As well as producing finer-resolution flood forecasts than the IMD does, the local early-warning system reaches people through trusted networks. Koshy, the retired teacher, relies solely on the alerts from the group every monsoon, she says. “If I don’t get correct information, I’ll be in trouble because I cannot remain in this house if it gets flooded.”

A few months after the 2018 floods, Koshy had a top floor built on her house, along with a ramp to accommodate her wheelchair. Others in her village have also built upwards in response to flooding, she says.

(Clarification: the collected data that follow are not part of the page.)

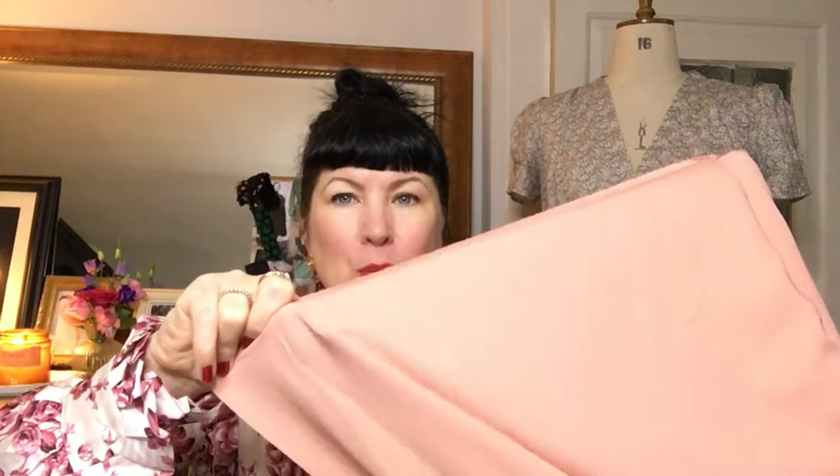The fabric is from Minerva and it's a Florenza crepe. It's quite lightweight — it would definitely need a petticoat or something under it. It's not terribly heavy, but it's got a lovely drape. I don't actually know if it really suits me, but I just thought it was a really good vintage colour and again, very reasonably priced.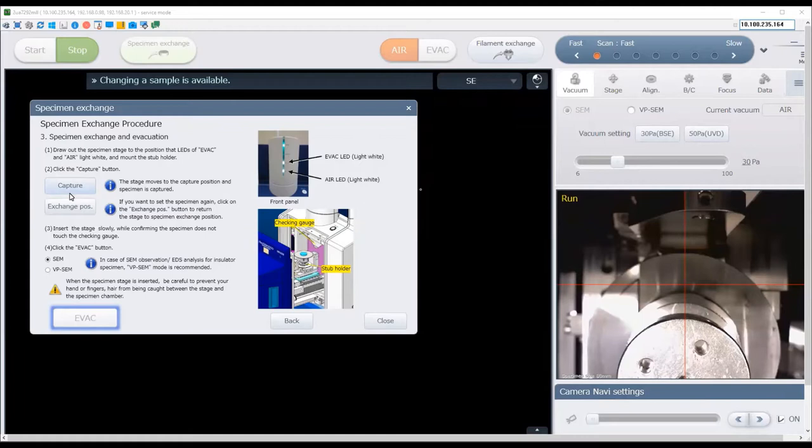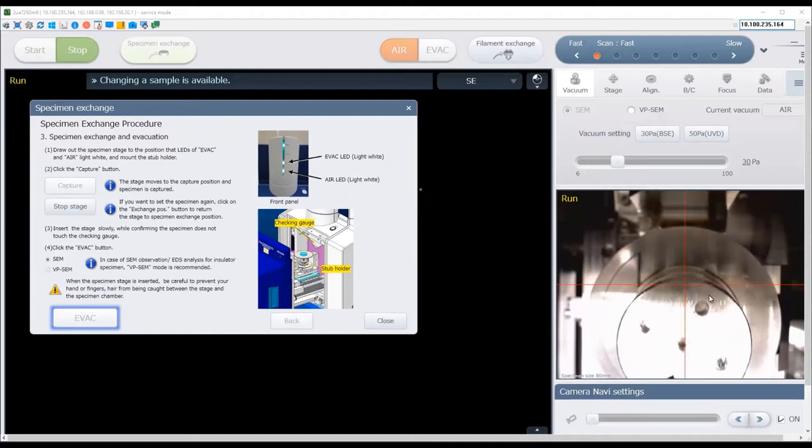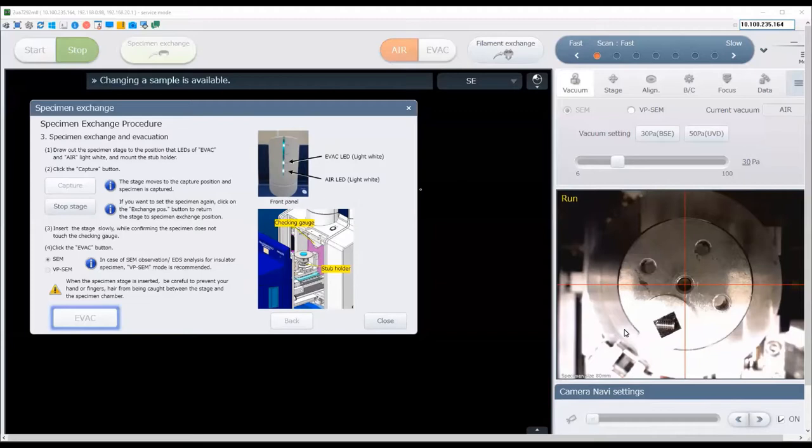Again, make sure both the evac and air lights are lit white, indicating the door is fully open. Now click the capture button. The stage will move underneath the camera and capture an image of your sample holder. Wait for the image to be captured, and if the image is okay, you may proceed. If you need to recapture it, click recapture. Next, insert the stage and click the evac button.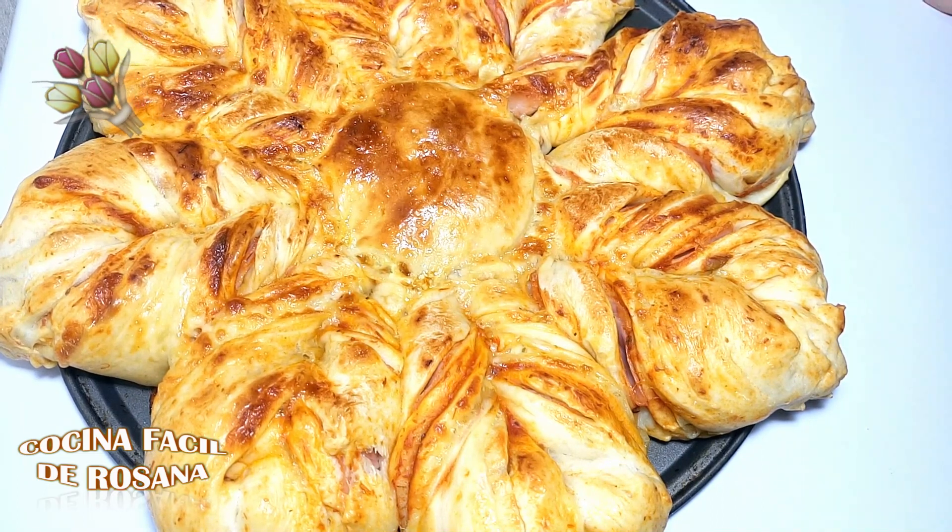Los saluda Rosana de su canal Cocina Fácil. Nos vemos en el próximo video.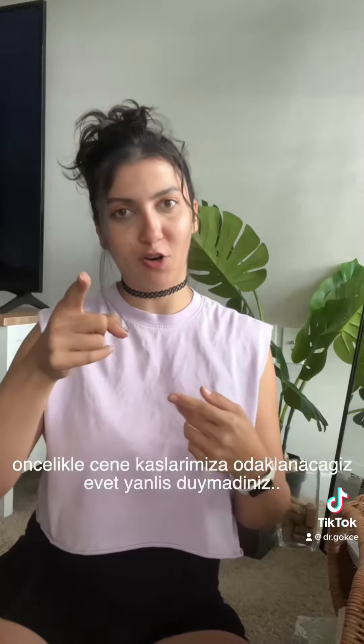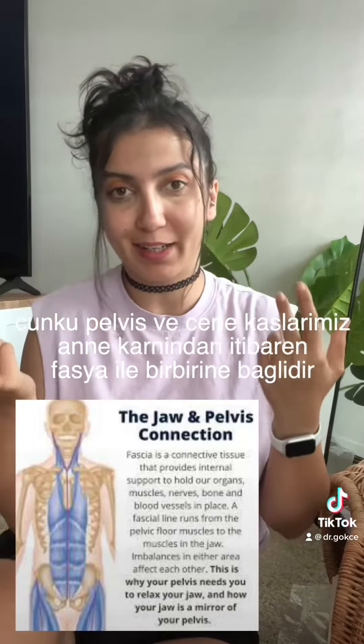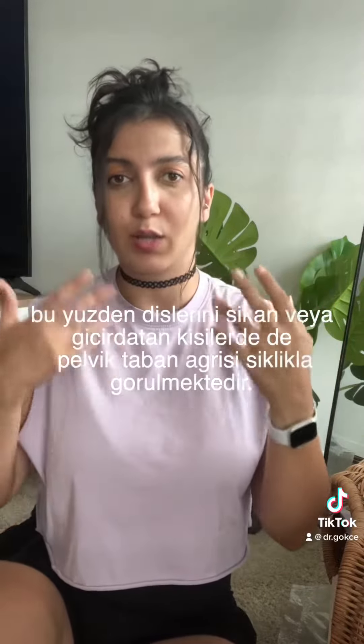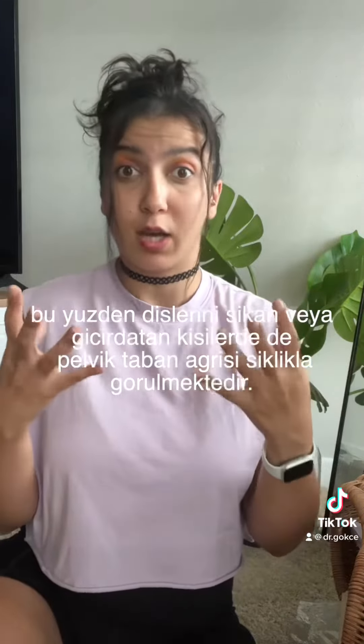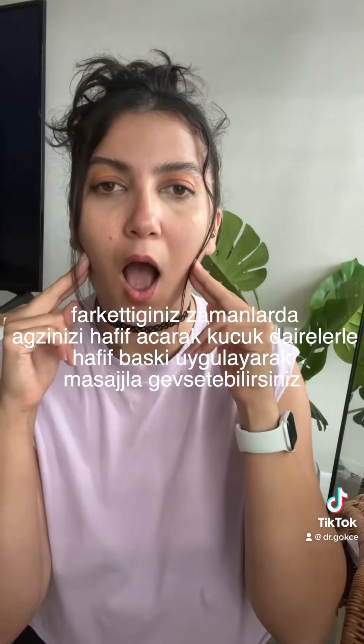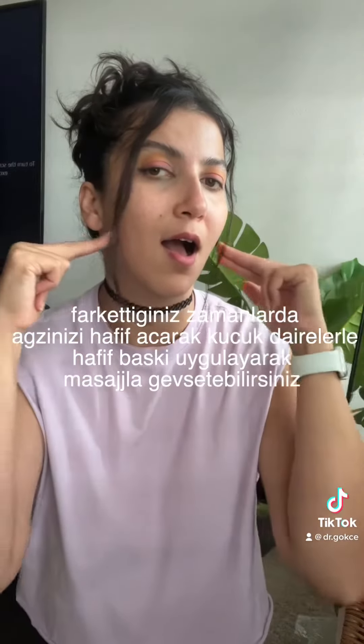First, focus on your jaw. Yes, you heard correctly. Because the jaw is connected to the pelvic floor through fascia since you were a fetus. Many people who grind or clench their teeth also experience pelvic floor pain. As soon as you realize that you are grinding your teeth, you can slightly open your mouth and massage by applying light pressure and making small circles, as I show you.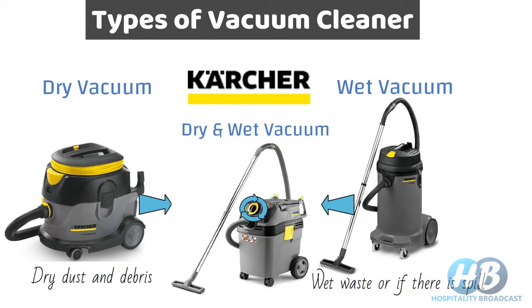Karcher is the most renowned company which makes cleaning equipment and most hotels use Karcher vacuum cleaners. The images shown here are from their website — you can check the link in the description below.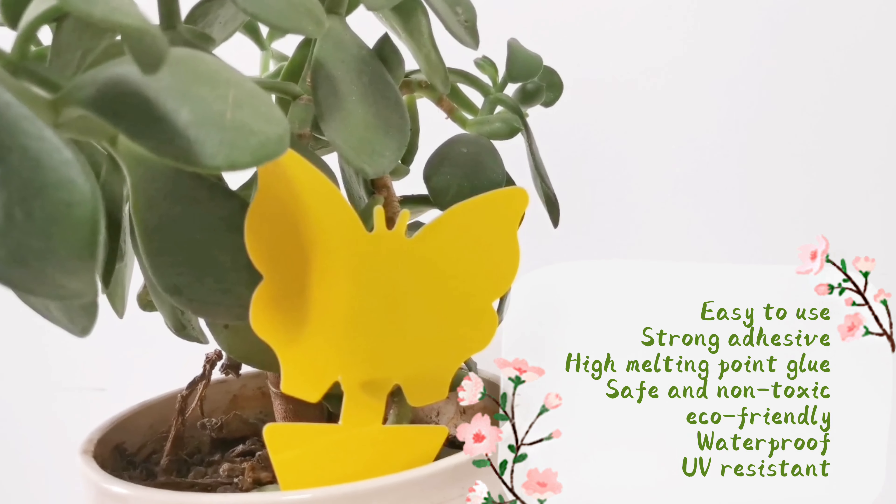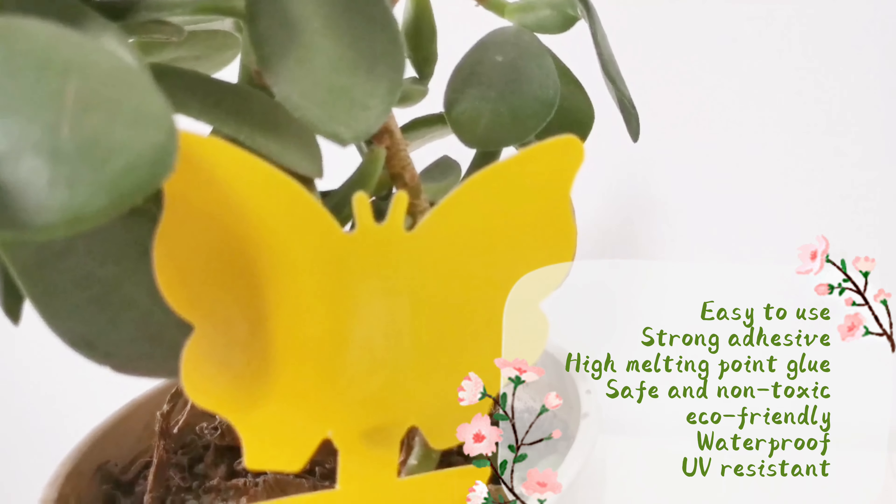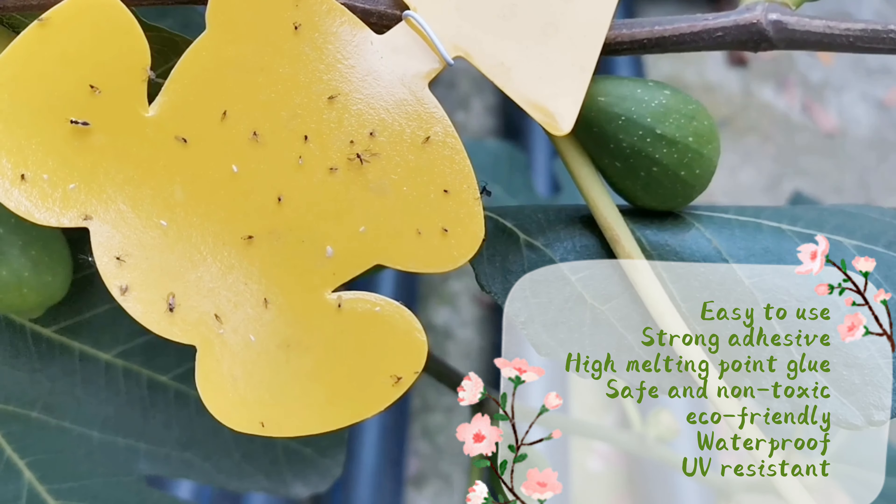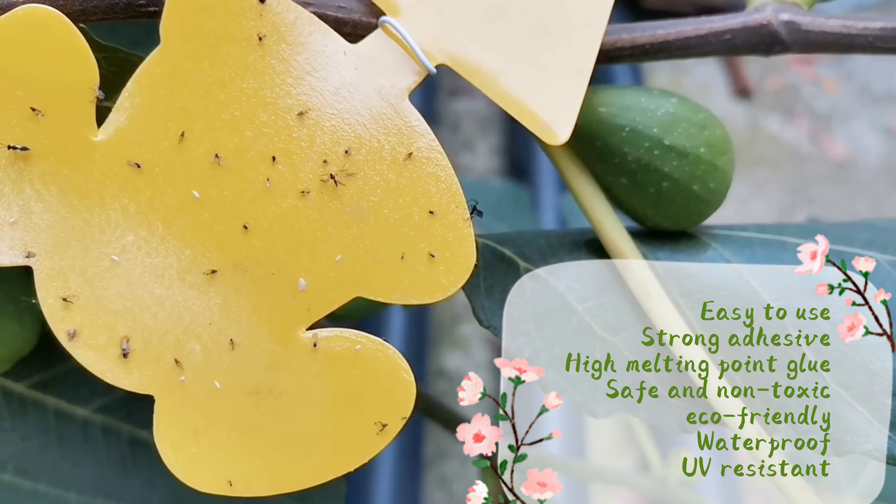The trap is easy to use. The glue is a strong adhesive, not easy to melt outdoors, and safe — non-toxic, eco-friendly, waterproof, and UV resistant.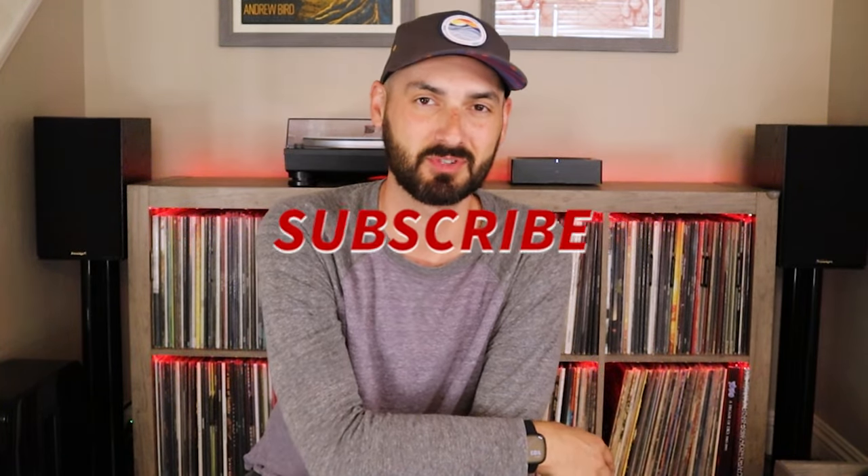Thanks for watching. If you enjoyed this video, go ahead and give me a thumbs up — that helps me figure out which videos you like. Check out my vinyl storage solution video where I go over the best way to store and protect your records, and here's some more gear reviews. If you like this content, subscribe so you can stay in the loop when I release new content. Thanks for watching — until next time, I'm Michael. See you.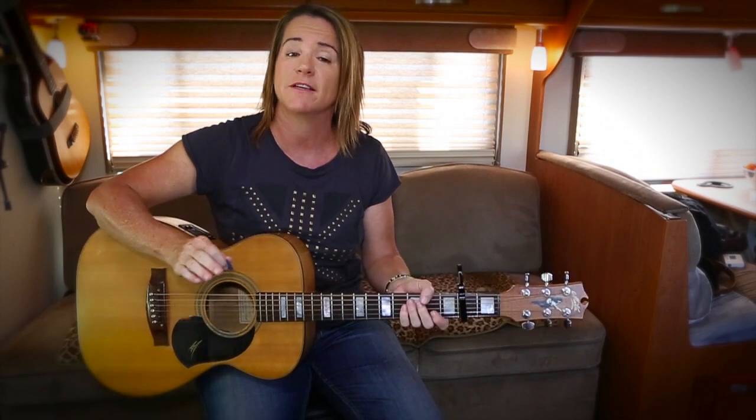Now we're going to the next verse. I won't worry about playing it because it's exactly the same chords as the first verse — the only difference is obviously the lyrics. So once you've got the chords down pat, you've just got to learn the lyrics.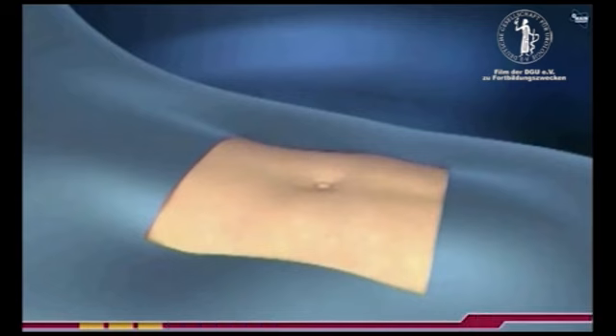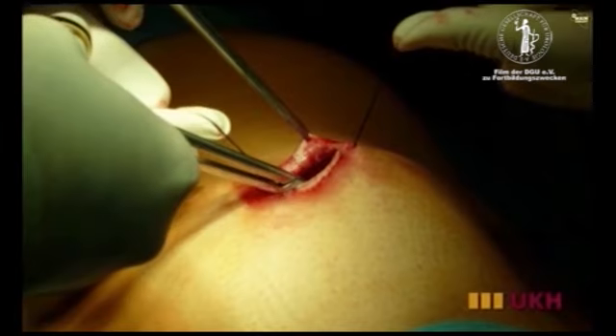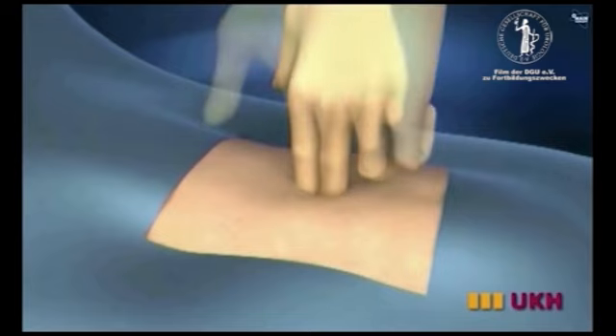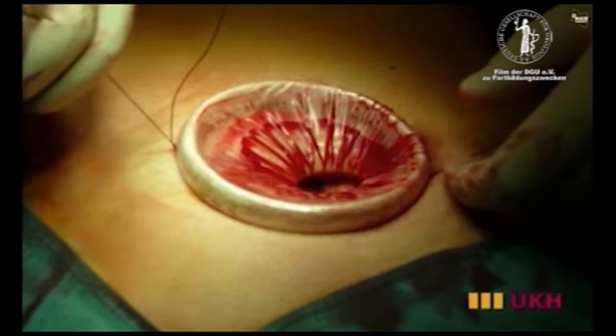The operative table is moved to put the patient into the dorsal supine position, and a mini 5 cm laparotomy is performed for the insertion of the endocon. The fascia is fixed with a 2-0 vicryl suture. In order to achieve a safer placement of the endocon, we use an Alexis small wound retractor.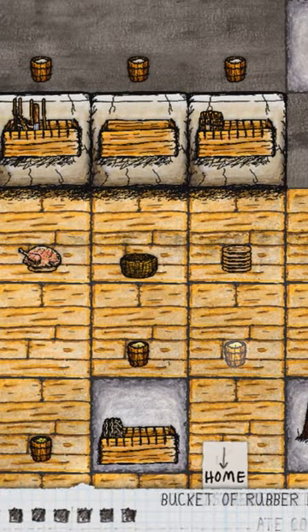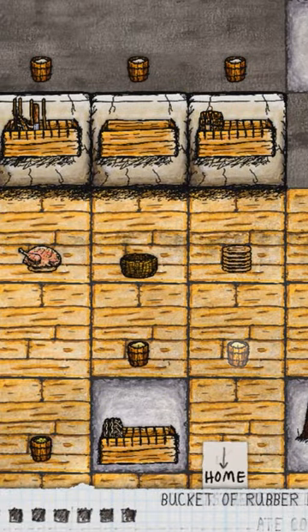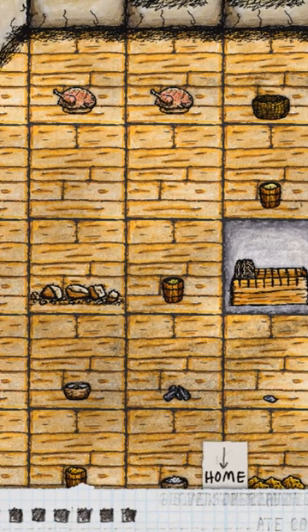Once you've got the bucket of rubber gold, you just use your bare hands to take it out.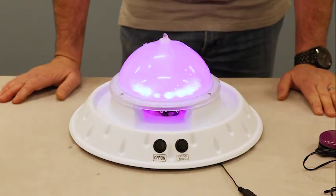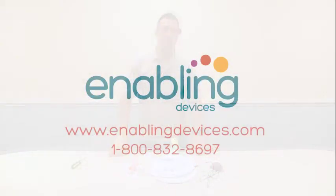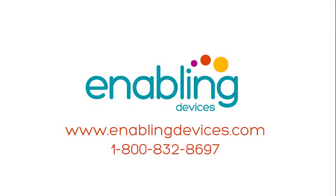When you're done using it, you just need to empty it out, wipe it with a paper towel, and let it air dry. So there you have it — the Aqua Dome, number 1691. You can purchase this item through our website at www.enablingdevices.com or through our phone sales at 1-800-832-8697. Thanks for stopping by, hope you enjoyed the video.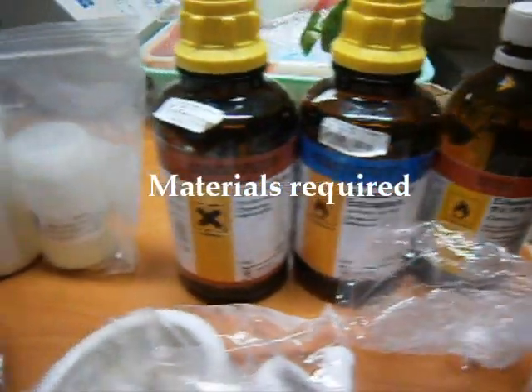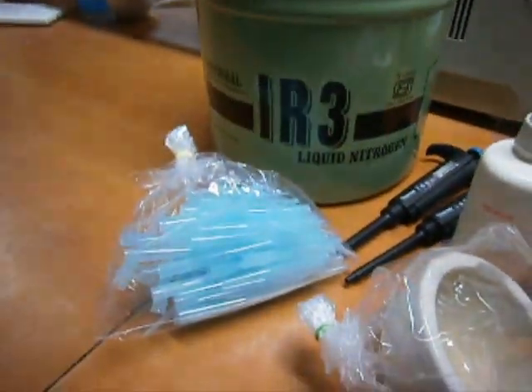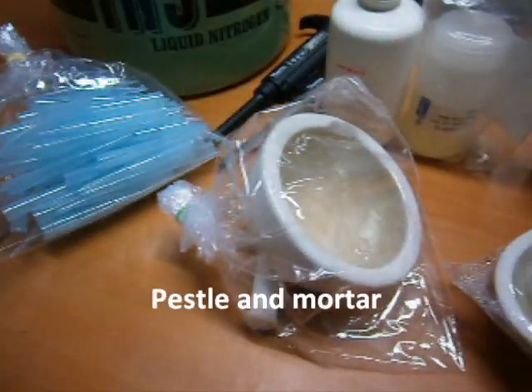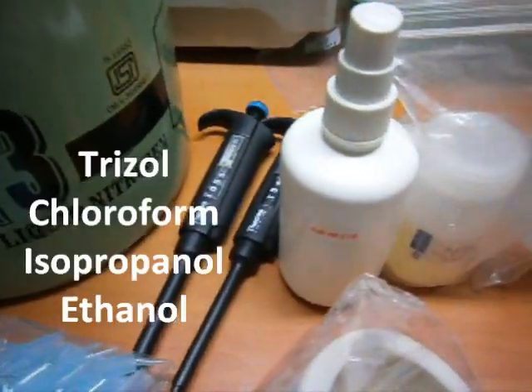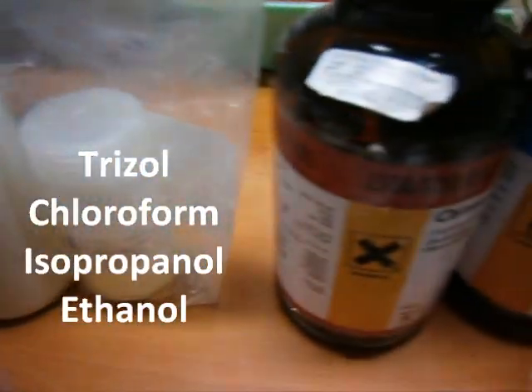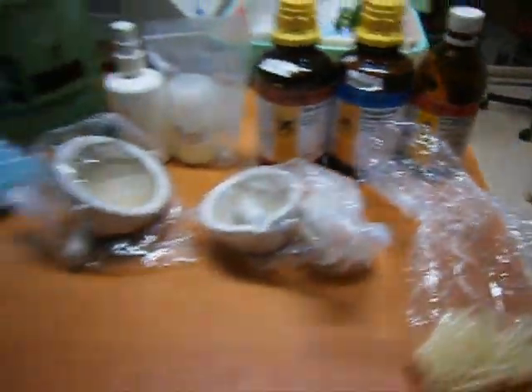RNA isolation from Raghi Co-12 variety. Materials required for the extraction are liquid nitrogen, sterilized pipette tips, pestle and mortar, pipette man, 70% ethanol, triazole solution, chloroform, isopropanol, ethanol, and gloves.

After visiting his volunteers all day, Emmanuel took a break in an office he shares with another community group. He pointed at a traditional lunar calendar hanging on a wall. Farmers use it to plan their planting and harvesting schedule, but these days, nature’s rhythm is wonky: there is less constant rainfall, and more unpredictable fury. The early-warning system is sorely needed, he says. But keeping volunteers on track, recruiting new members, ensuring data collection, getting buy-in from local officials and securing funding for gauges all take up a lot of his time. Emmanuel is committed to the community because his ancestors were elected leaders and social workers here; it’s his family’s legacy.